A Breakthrough That Could Reshape Biology

In March 2026, the scientific world witnessed a milestone that some researchers compare to the "ChatGPT moment" for synthetic genomics. The Arc Institute has unveiled Evo2, an artificial intelligence model that doesn't just read and interpret DNA sequences — it can now write them from scratch.

"It's cool, but it's not there yet," says Nico Claassens, synthetic biologist at Wageningen University in the Netherlands. "The need to synthesize and test AI-generated genomes at scale is one major hurdle. Another is designing genomes that can direct all the essential functions of even the simplest life forms, let alone those of more-complex cells."

From Bacteria to Humans

The Evo2 model, detailed in a Nature paper published on 4 March, was trained on trillions of base pairs of DNA — sequences from bacteria, archaea, and eukaryotes. Unlike its predecessor, Evo2 has learned to recognize complex genomic features like regulatory DNA, splice sites, and protein-coding sequences that humans struggle to identify.

"These AI models are the 'ChatGPT moment' for synthetic genomics," says Patrick Yizhi Cai, genome engineer at the University of Manchester. "You can start writing things that never existed in nature."

A New Era for Synthetic Life?

Historically, creating synthetic genomes meant editing existing ones — like removing commas from a book or recoding bacteria at specific locations. Evo2 changes that paradigm. In 2025, researchers used early Evo models to design viral genomes that successfully infected Escherichia coli. Now, the same team, led by computational biologist Brian Hie, has created a genome inspired by Mycoplasma genitalium — a bacterium whose 580,000-nucleotide genome was the first ever chemically synthesized in 2008.

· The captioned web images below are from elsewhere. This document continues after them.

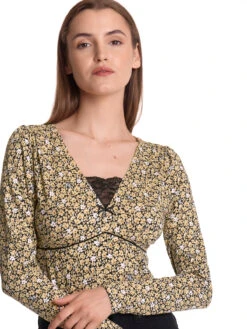 Vive Maria Golden Flower Damen Langarmshirt Dunkelgelb Allover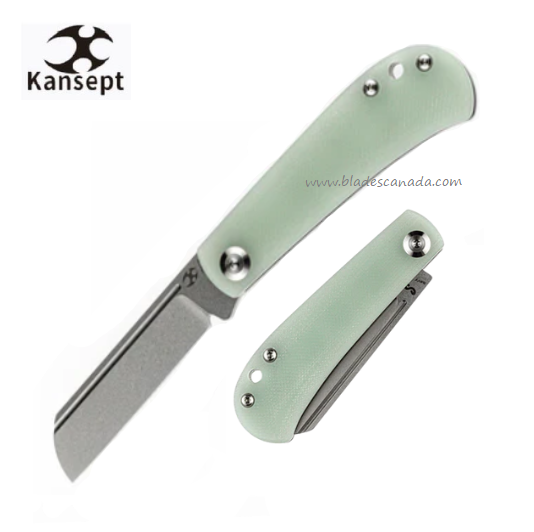 Kansept Bevy Slipjoint Folding Knife, 154CM SW, G10 Jade, T2026F4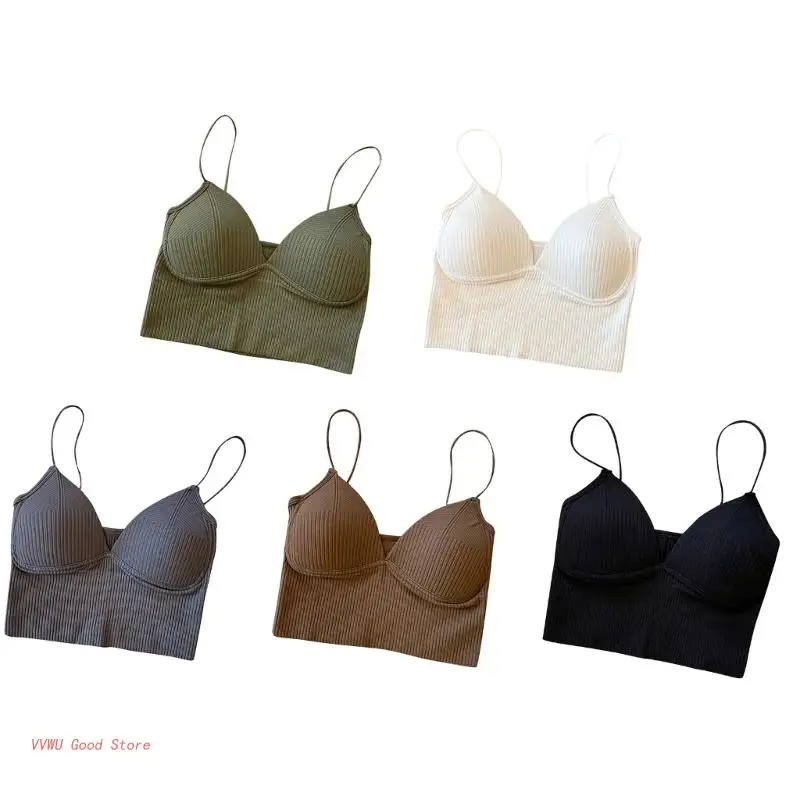 

Sleeveless Ribbed Knit Camisole Solid Color Padded Crop Top Cami Vest for Women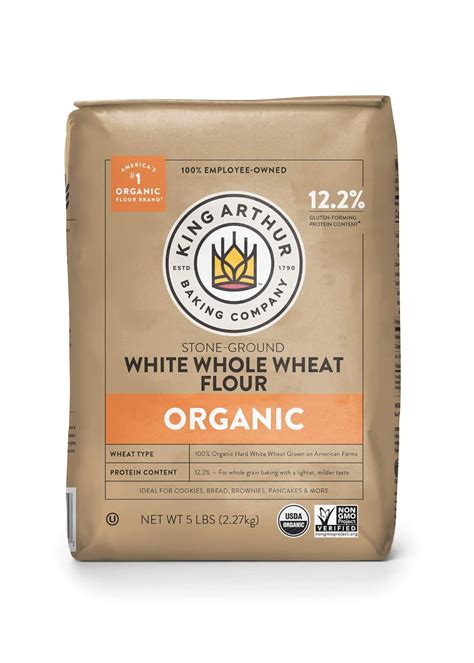 Buy King Arthur 100 Organic White Whole Wheat Flour 100 Whole Grain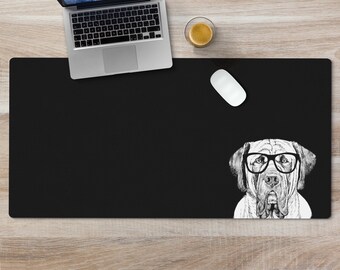 English Mastiff Large Desk Mat, Dog Mom Mousepad, Black Desk Pad, Mouse Pad or Keyboard Wrist Rest, Mastiff Dog Dad Office Desk Decor Gift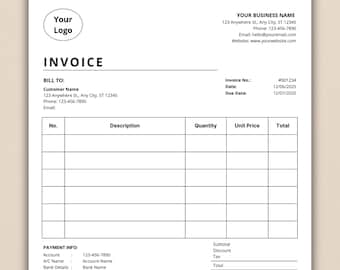 Editable Invoice Template, Custom Invoice Form, Invoice Template For Small Business, Blank Billing Template, Canva Editable Invoice Template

"These AI models are the 'ChatGPT moment' for synthetic genomics," says genome engineer Patrick Yizhi Cai at the University of Manchester. "You can start writing things that never existed in nature."

The Path Forward

Scientists remain cautious. Creating functional genomes requires more than just design — it demands large-scale synthesis and biological testing. Yet, the field is optimistic. "Once we can write genomes that work, the implications for medicine, agriculture, and synthetic biology could be revolutionary," says one researcher.

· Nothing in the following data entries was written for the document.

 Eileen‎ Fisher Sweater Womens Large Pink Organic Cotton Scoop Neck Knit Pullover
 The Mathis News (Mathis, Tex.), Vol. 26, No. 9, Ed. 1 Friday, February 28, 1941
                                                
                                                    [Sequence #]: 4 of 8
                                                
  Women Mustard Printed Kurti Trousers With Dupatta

As Evo2 proves that AI can now generate novel genetic sequences, humanity stands on the brink of a new frontier — where the code of life itself can be written by algorithms rather than evolved by nature.

The Implications

If successful, this technology could enable:

  • Customized therapies designed from genetic blueprints that never existed in nature
  • Optimized organisms engineered for specific functions in agriculture and medicine
  • New life forms with novel metabolic pathways and genetic architectures

The question remains: how far can AI take us in redefining life itself?